* DATA IN THIS EXERCISE
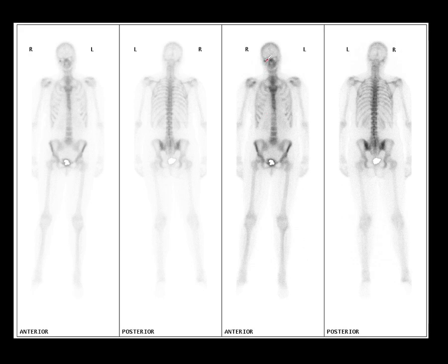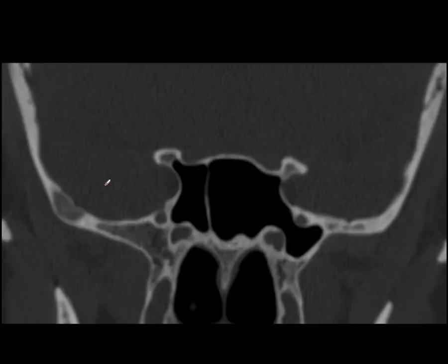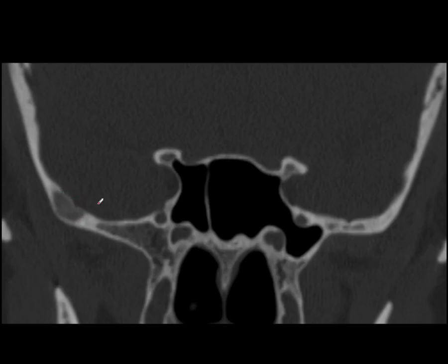We proceeded to do a CT scan, as we didn't have a SPECT-CT machine at the time. It showed the classic ground-glass appearance with very marked thinning of the cortex, but not destruction. This is an area of fibrous dysplasia in the temporal bone.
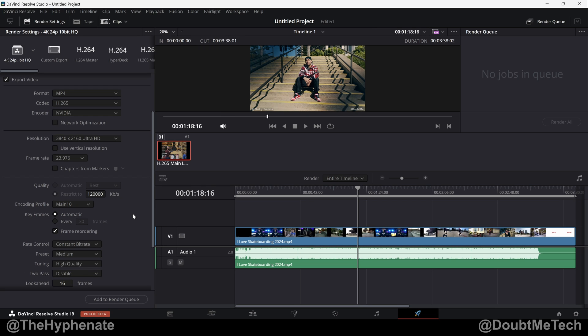So there you guys have it. That's what I think are the best render settings for 4K 10-bit video. Hopefully this video helped you. If it did, please drop a like on this video. Drop a comment below if you have any questions and please make sure to subscribe. We also have a DaVinci Resolve playlist on this channel with a lot more tutorials, so make sure to check that out.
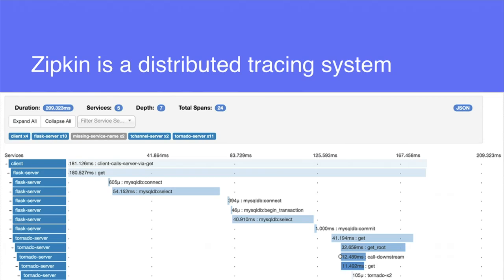Zipkin sort of looks like this — this is actually a screenshot from Uber. It has a latency view on the top and then breaks down the critical path based on operations. You've got a client invoking an HTTP request, it tells you what they've decided the server's name is — in this case, Flask server, which is Python — and then how it breaks down into SQL connections. This is an example of Zipkin in practice.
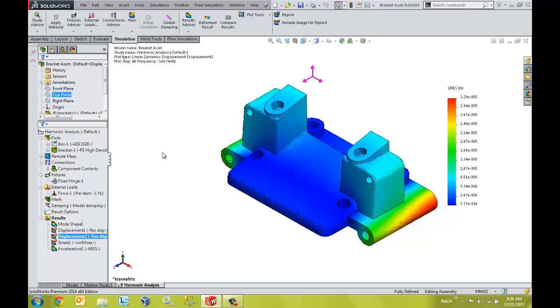The wealth of results provided by SOLIDWORKS Simulation gives us good insight into our designs. If vibration is important in your business, then SOLIDWORKS Simulation Premium will be a great asset to your design process.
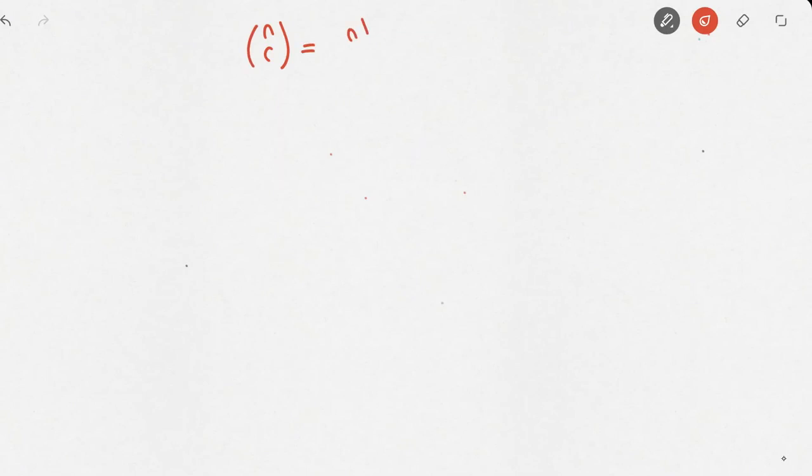The binomial coefficient is typically written n choose r, and is equal to n! over (n minus r)! times r!.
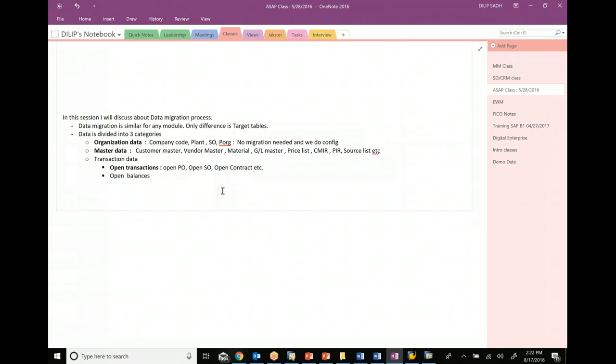Similarly for contracts - contracts are long term, like one year or two years. If you're going live today, you still might have an open contract which is valid for next year. So you have to make sure that all those contracts - purchase contracts, sales contracts, sales orders, and purchase orders - all these different transactions are migrated from your current system to the SAP system.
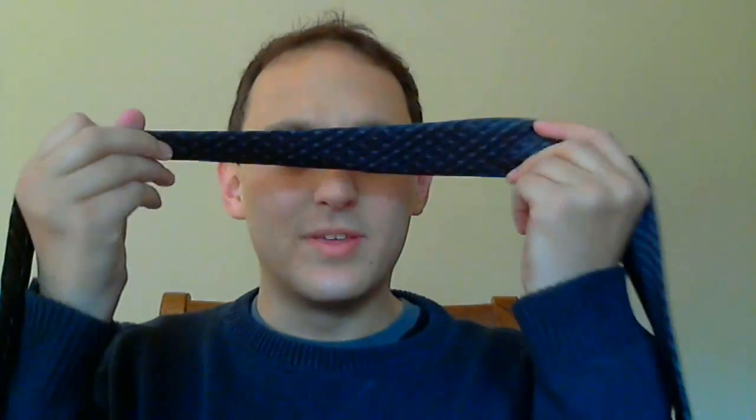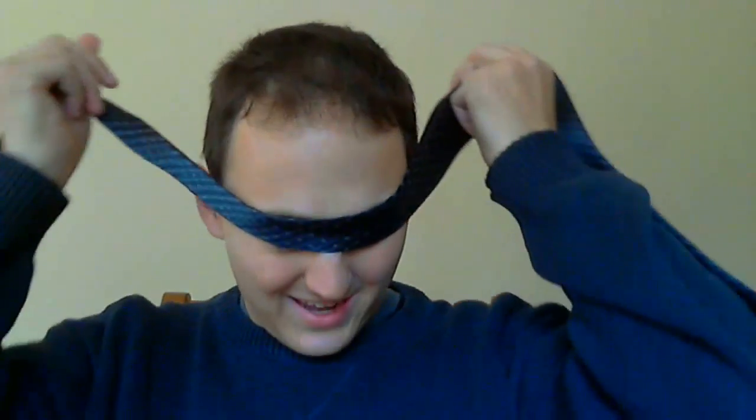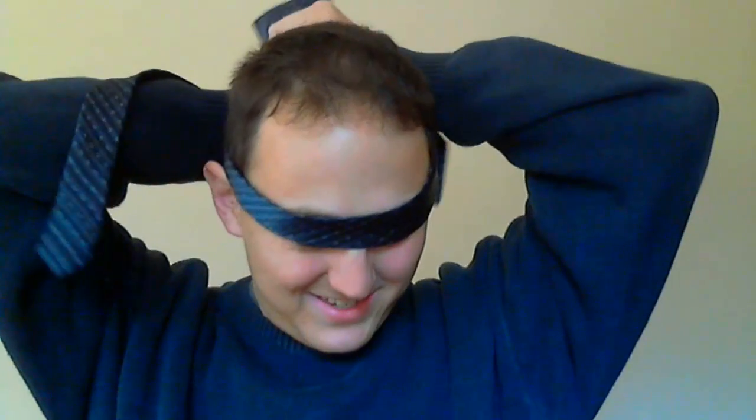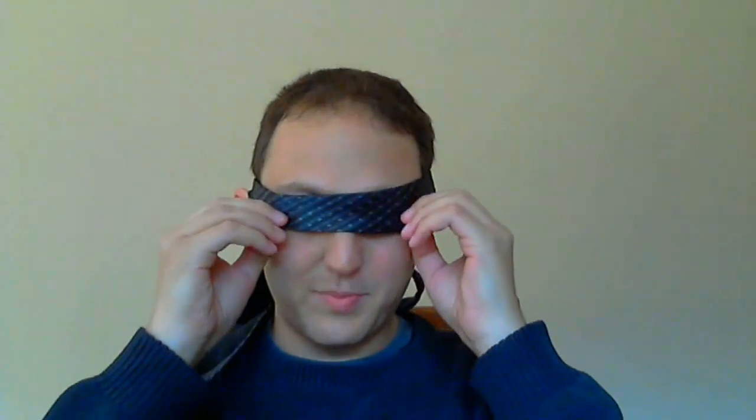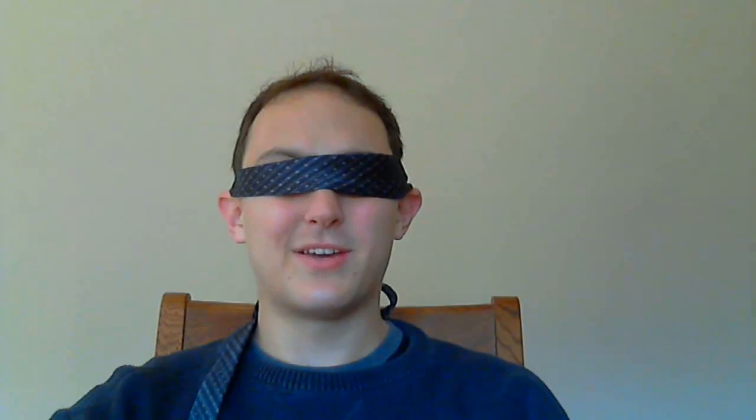Hi, this is Andy Nathan with andynathan.net. Do you ever feel sometimes when you're using social networking that you're sort of using social networking like throwing darts blindly for business online? Well, that's what we're actually going to talk about today.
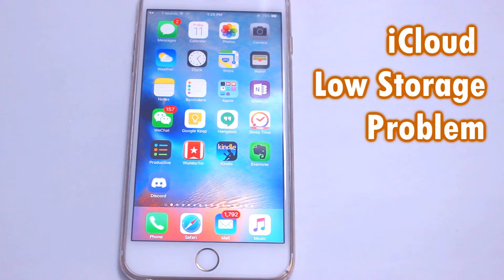If you take a lot of photos or videos, then it's very likely that your iCloud storage will run out really quickly. If you have already turned off iCloud photo library, yet you are still getting a low storage error message, then I hope you will find this tutorial helpful.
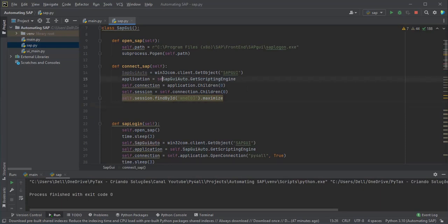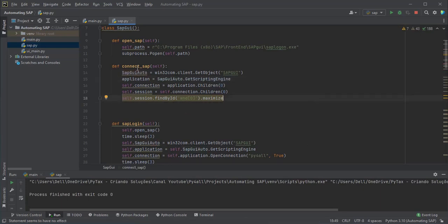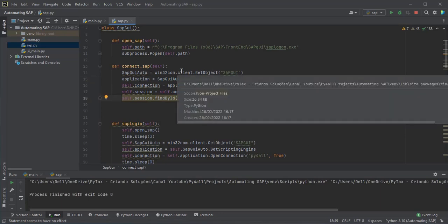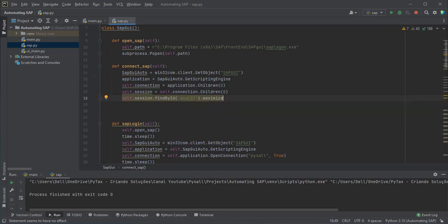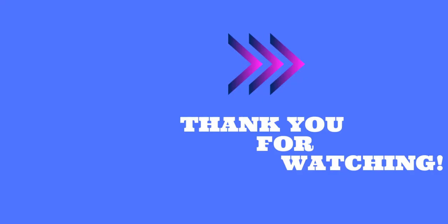In this video we learned how to create a method to connect to SAP with it already open. In the next video we will make the change of customers in SAP using Python. See you soon. Thanks for watching.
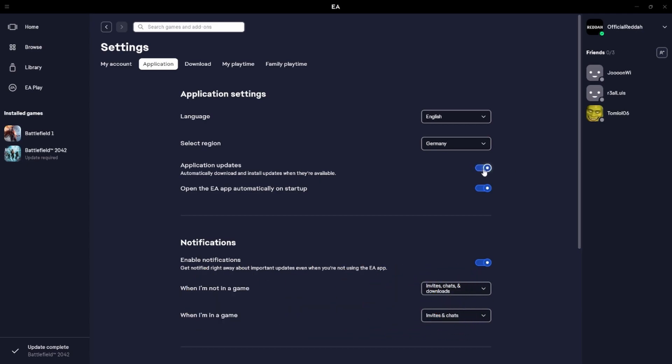So if we enable this one, we basically enable auto updates. And if we don't want any auto updates, then we can simply disable this. That's how easy it works.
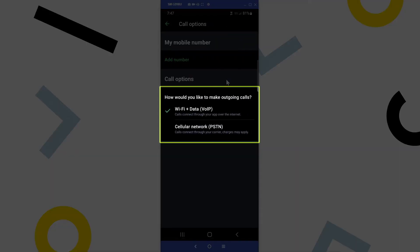This section for call options deals with deciding if you want to use your Wi-Fi connection or cellular network when using the app.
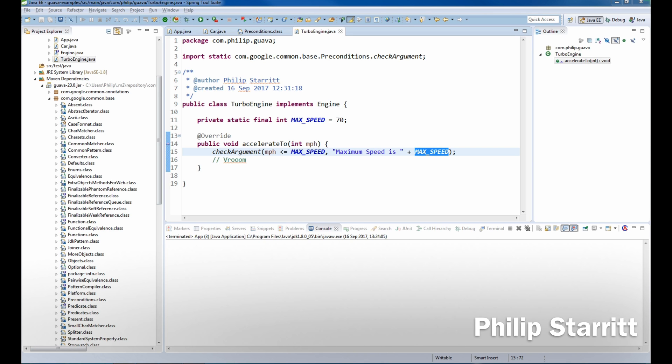Now let's think of any limitations on the preconditions or performance issues. So as I said before, this message is always constructed even if we're not going to throw the exception. So there's that as well.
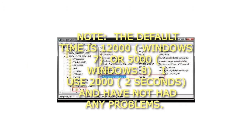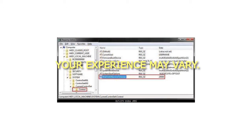Note, the default time is 12000 in Windows 7, or 5000 in Windows 8. I use 2000, 2 seconds, and have not had any problems. Your experience may vary.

* YOUR GOAL
Starting at the line containing "The wealth of" and finishing at the line containing "If you take", return those lines exactly as they appear above, without the pictures.

* RESULT OF THE TASK
The wealth of results provided by SOLIDWORKS Simulation gives us good insight into our designs. If vibration is important in your business, then SOLIDWORKS Simulation Premium will be a great asset to your design process.
The binomial coefficient is typically written n choose r, and is equal to n! over (n minus r)! times r!.
Similarly for contracts - contracts are long term, like one year or two years. If you're going live today, you still might have an open contract which is valid for next year. So you have to make sure that all those contracts - purchase contracts, sales contracts, sales orders, and purchase orders - all these different transactions are migrated from your current system to the SAP system.
Hi, this is Andy Nathan with andynathan.net. Do you ever feel sometimes when you're using social networking that you're sort of using social networking like throwing darts blindly for business online? Well, that's what we're actually going to talk about today.
If you take a lot of photos or videos, then it's very likely that your iCloud storage will run out really quickly. If you have already turned off iCloud photo library, yet you are still getting a low storage error message, then I hope you will find this tutorial helpful.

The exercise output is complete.